Sementara itu, alasan ketiga, kata Luhut, reklamasi dibutuhkan untuk menghindari rob atau banjir air laut. Menurut dia, pihak yang tidak memahami masalah reklamasi akan menilai keputusan yang diambilnya menyangkut sesuatu yang lain.

"Ini masalah teknis profesional. Kalau orang tidak paham akan pikir ini masalah lain. Makanya tidak ada alasan untuk tidak meneruskan. Kalau ada masalah PLN, itu dikaji," tuturnya.

Sebelumnya, Luhut memastikan proyek reklamasi Pulau G di Pantai Utara Jakarta dilanjutkan setelah pada Juni lalu dihentikan oleh pendahulunya, Rizal Ramli. Menurut dia, tidak ada alasan untuk tidak melanjutkan proyek anak perusahaan Agung Podomoro Land, PT Muara Wisesa Samudera, itu.
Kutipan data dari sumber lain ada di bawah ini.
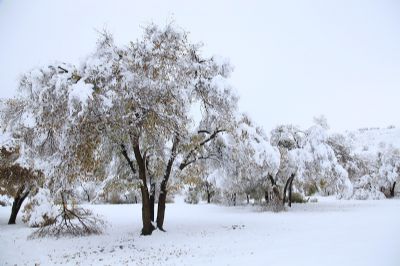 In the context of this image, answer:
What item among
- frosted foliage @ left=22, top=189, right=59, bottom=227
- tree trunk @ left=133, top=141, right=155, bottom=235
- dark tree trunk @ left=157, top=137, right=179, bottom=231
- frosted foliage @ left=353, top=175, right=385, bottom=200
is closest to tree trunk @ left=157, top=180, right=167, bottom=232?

Kelanjutan itu dipastikan berdasarkan pembahasan dengan Kementerian Lingkungan Hidup dan Kehutanan (KLHK), PT PLN (Persero), Badan Pengkajian dan Penerapan Teknologi (BPPT), Pemerintah Provinsi (Pemprov) DKI Jakarta, Kementerian Kelautan dan Perikanan (KKP) dan Kementerian Perhubungan.

Luhut menuturkan, sesuai arahan Presiden Joko Widodo, nasib 12.000 nelayan pantai utara Jakarta yang terdampak proyek reklamasi menjadi perhatian utama pemerintah. Pemprov DKI Jakarta juga menyatakan bahwa nelayan akan mendapatkan rumah susun untuk tempat tinggal, 1.900 unit kapal yang dapat berlayar sampai Kepulauan Natuna hingga penyediaan air bersih.